**BRIEF**
Starting from the first line below, copy the whole listing exactly.

**DATASET SECTION**
▼

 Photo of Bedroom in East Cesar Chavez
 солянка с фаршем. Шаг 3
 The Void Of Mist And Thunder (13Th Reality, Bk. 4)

▲

**TASK ANSWER**
 Photo of Bedroom in East Cesar Chavez
 солянка с фаршем. Шаг 3
 The Void Of Mist And Thunder (13Th Reality, Bk. 4)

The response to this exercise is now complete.